The morning finds us early in the saddle; four hours' westward progress brings us at noon to one of those rare oases of shadow in this bare land of sunshine. Here hunger, thirst, and weariness are again assuaged by food and drink and sleep. Sharp darts of brilliant, blinding sunshine burn through the leafy masses of the two fig-trees, and with almost malicious persistence pursue the would-be slumberer, who, to avoid this, must every now and then crawl after the receding shadows.

But we are not the only travelers who have sought midday shelter in this forest. On our approach we were greeted by a family group,—a man and woman with a little child, and a black slave. To our surprise the man addressed us in Spanish:—

"Buenos dias, Señor, habla usted Español?"

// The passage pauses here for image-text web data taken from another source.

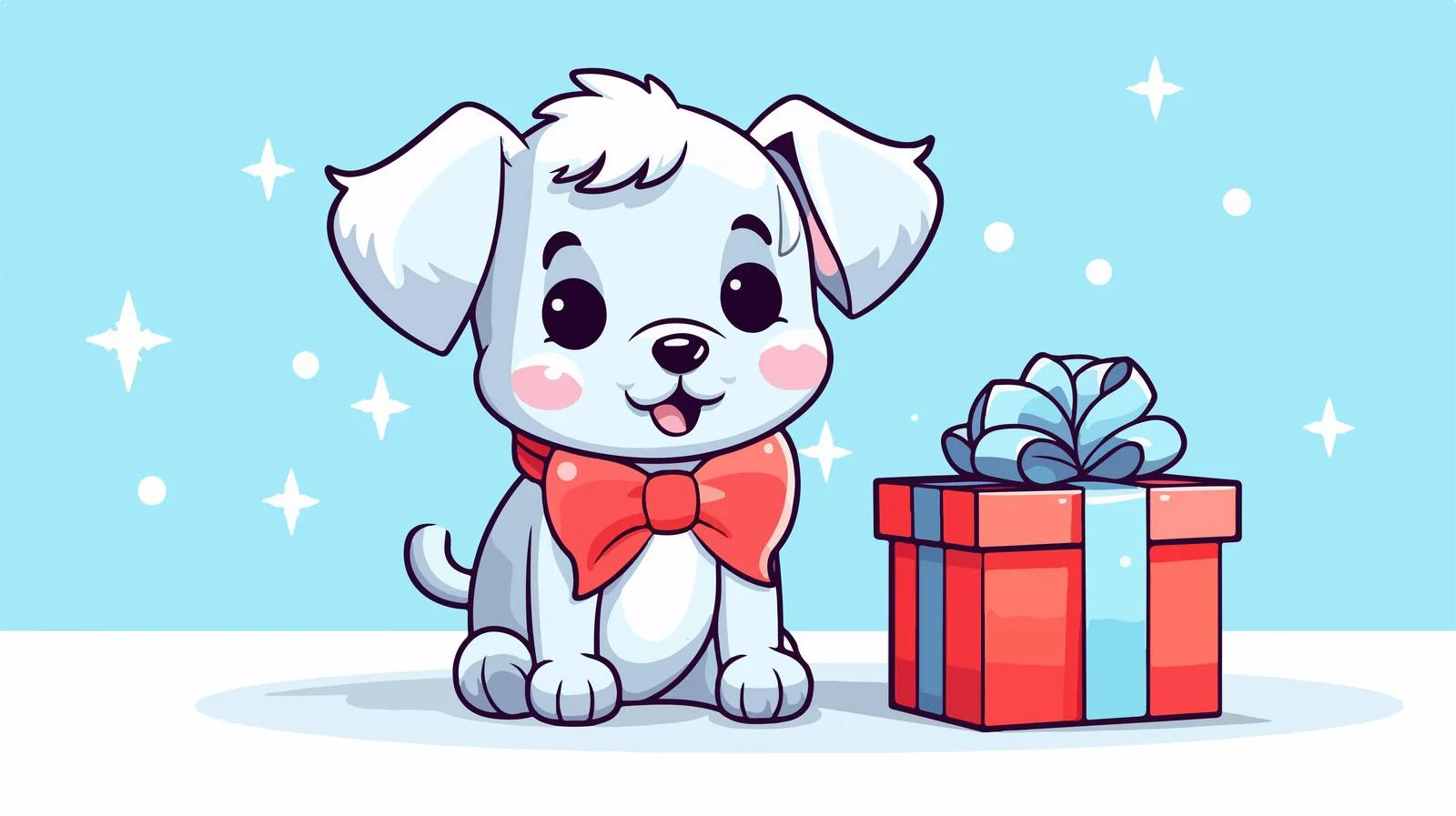 Cute Cartoon Dog Line Drawing — free download from Dotvec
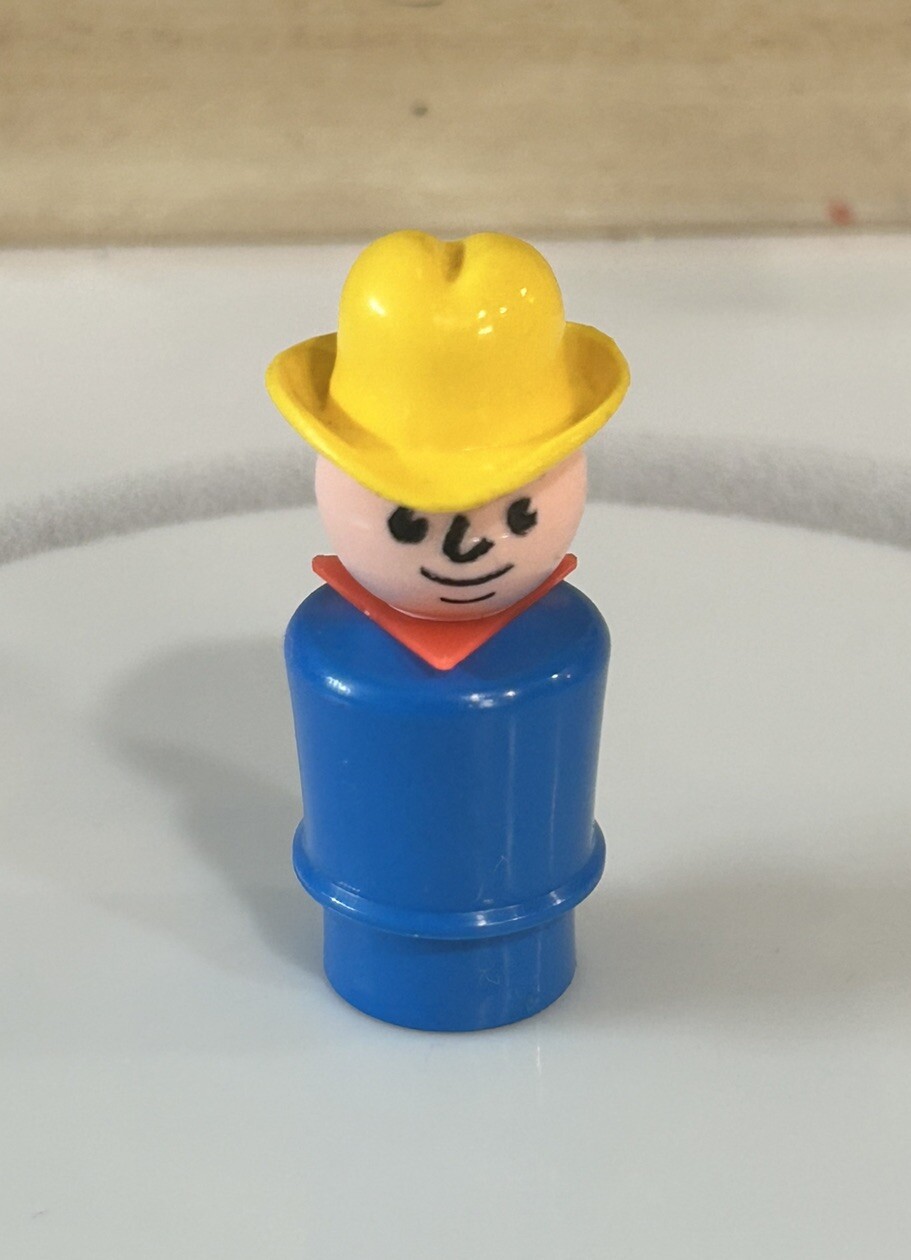 Vintage Fisher Price Little People FARMER RED SCARF BANDANA w/ Hat for Farm
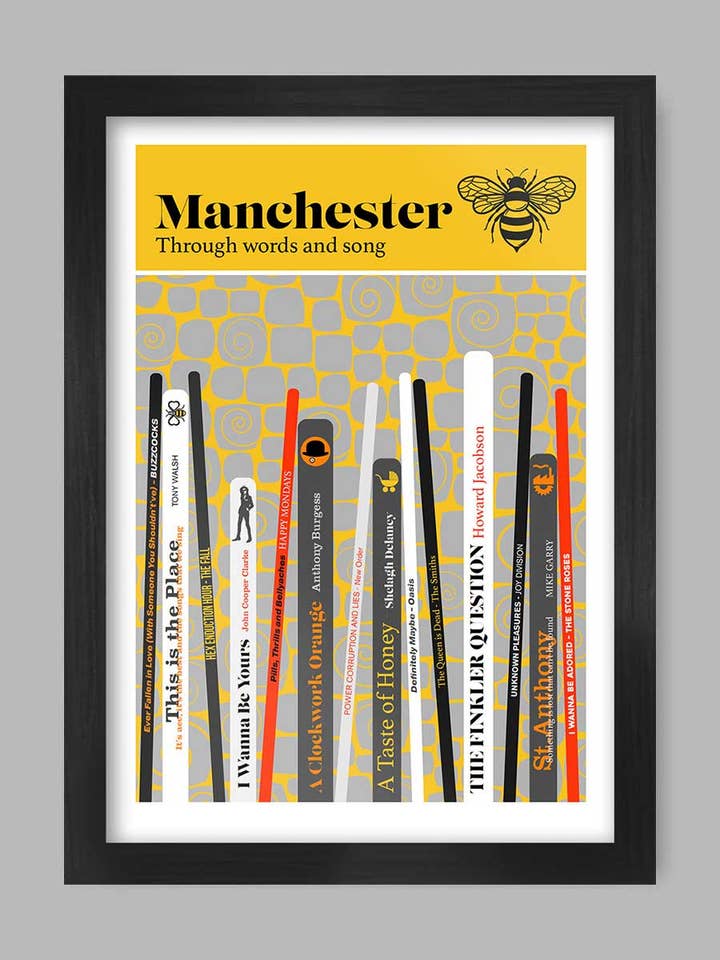 Manchester Through Words and Song Poster Print for wholesale by The Northern Line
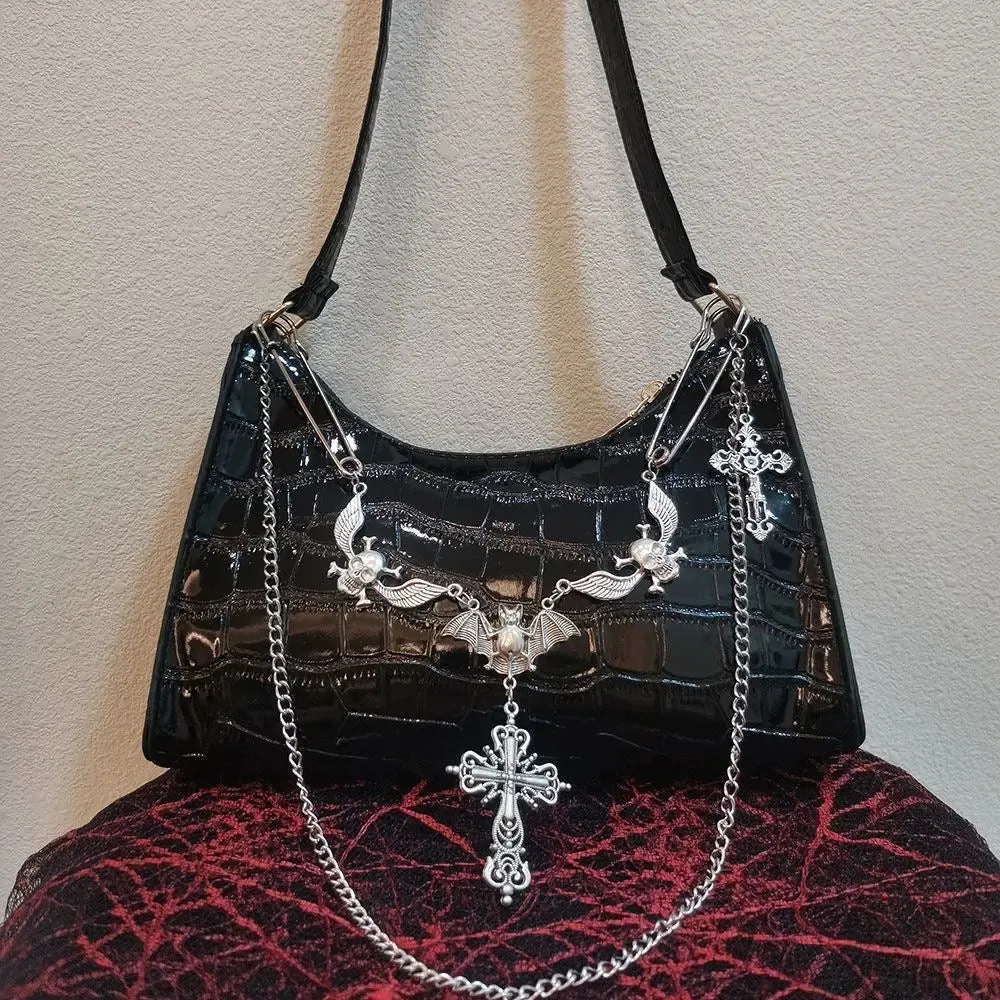 'Dark Blooded' Goth Alligatoring Underarm Bag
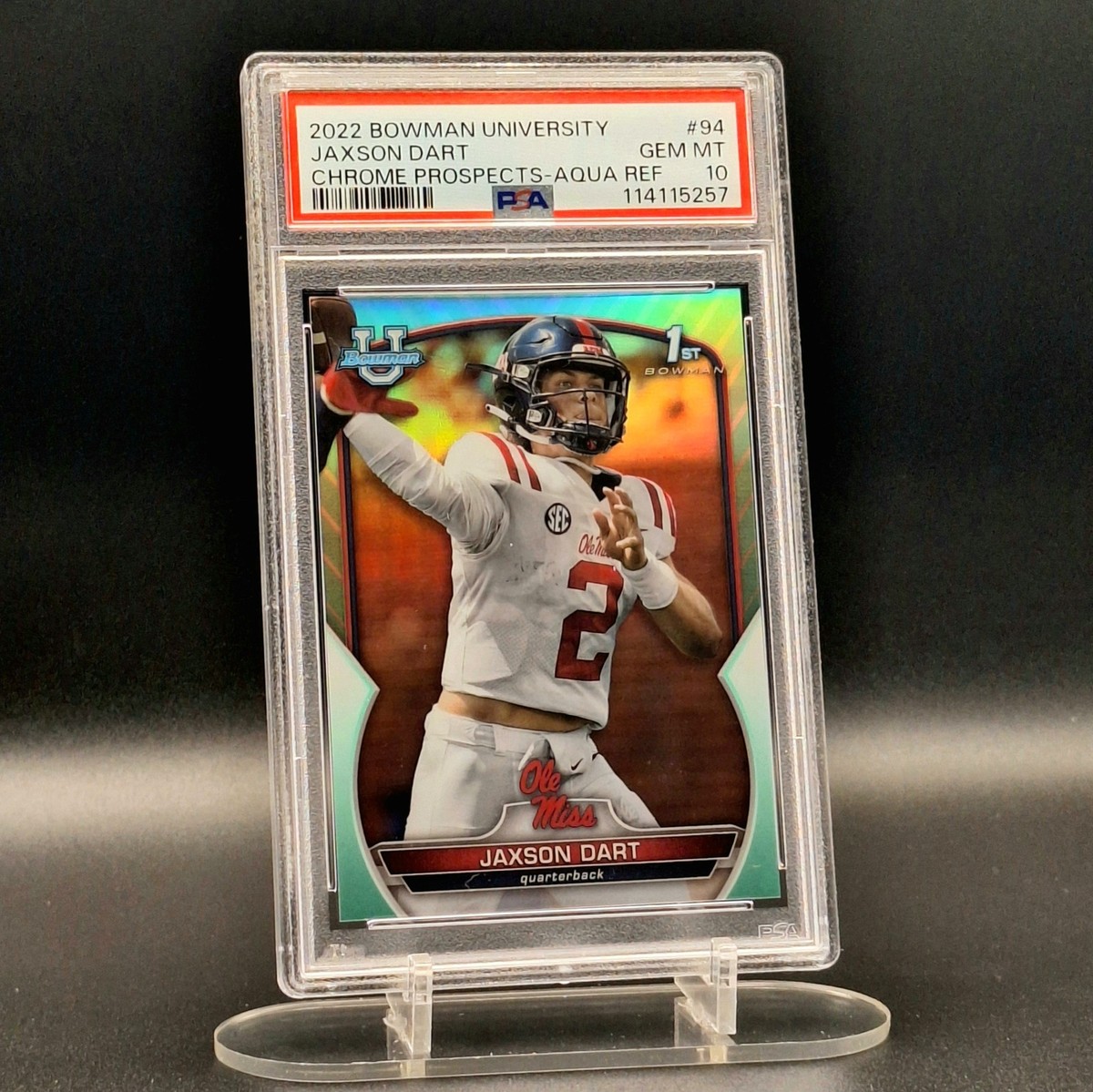 Jaxson Dart PSA 10 Aqua Refractor /299 Chrome Prospects #94 2022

"Si, Señor, un poco," we reply, and then begins an interesting conversation.

"Where are your animals?" we ask.

"Stolen with all my goods, last night," he answers. "We must now go on foot to Fez to report our loss to the authorities."

We learn that our unfortunate friend is a maker of sausage cases, that he lives in Mequinez, and that he is hospitably inclined; for in return for our sympathy, he begs us to make use of his house in Mequinez, where another of his wives will welcome us and give us food and lodging.

OUR DUSKY CHARGE

This strange offer of hospitality, coupled with a something in the man's expression leads me to say, "But, Señor, you are not like a Moor."